We're on a Mission from God

Reggie McNeal has devoted his life to calling God's people to get serious about God's mission.  In his book, Missional Communities: The Rise of Post-Congregational Church, here's how Reggie defines our mission:

1.the people of God,
We've been brought up in a world where church is a what, an it, something outside of me, something I go to, something I support, something I bring friends to. But the missional movement is about who. Until we get this, we will never join God in the streets where he is doing most of his work. Wherever I am, the church is already planted. Instead of planting "a" church, we plant "the" church.

2.partnering with God,
It's not our mission; it's his. We try to get God to fall in love with our efforts, when we need to fall in love with his mission. We consider "children's ministry" inside our walls, so we're so busy doing that, but we don't worry about the low reading levels of 3rd graders in our community. We honor Sunday school teachers as doing children's ministry, but we don't honor public school teachers as doing children's ministry.
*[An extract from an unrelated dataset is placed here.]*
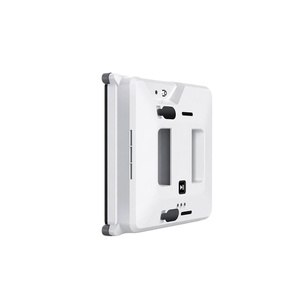 <span class=keywords><strong>Robot</strong></span> <span class=keywords><strong>lave</strong></span>-<span class=keywords><strong>vitres</strong></span> électrique PORITOU avec trajectoire de nettoyage automatique pour la maison, l'hôtel et l'extérieur - Product Image 1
3.in his redemptive mission
One church cancelled staff meeting on Monday afternoon and sent everyone out to pray, in a place where people are: park, Wal-Mart, Starbucks, etc. For 60 minutes, they were to pray one prayer, "Lord, help me see what You see." When they came back to their institutional agenda, they shredded it and were recaptured by the heart of God for people. They sent the entire church out to do the same; that night they had the church write what God showed them.

4.in the world
What if we asked if marriages in our community were better next year? If schools were better? In Cincinnati, every single school teacher is placed on a prayer chain, and receives a letter asking for any prayer requests. Open our eyes.

We often loose sight of God's mission because we ask the wrong questions and come to the wrong conclusions about what God is calling us to do.  Reggie would say, "We need to change the way we keep score.

For instance, only church people ask, "How many were in church on Sunday."  God isn't anxiously waiting to hear the attendance figures for Sunday worship to determine how we're doing at his mission.

God has a different way of keeping score:
  • How many children will go to bed hungry?
  • How many marriages are in trouble?
  • How many sons and daughters feel abandoned?
  • How many people have lost their jobs?
  • How many have lost their homes?
  • How many have lost hope?
God doesn't count how many were in church on Sunday.  God counts who is missing!!!

Jesus said, "I have come to seek and to save that which is lost."  He didn't come to count and record those who are present.  His parables make that clear:
  • The Parable of the Lost Sheep (Luke 15:3-7)
  • The Parable of the Lost Coin (Luke 15:8-10)
  • The Parable of the Lost Son (Luke 15:11-32)
  • The Parable of the Lost Soul (Luke 19:1-10)
We don't have time to play church... We're on a Mission from God!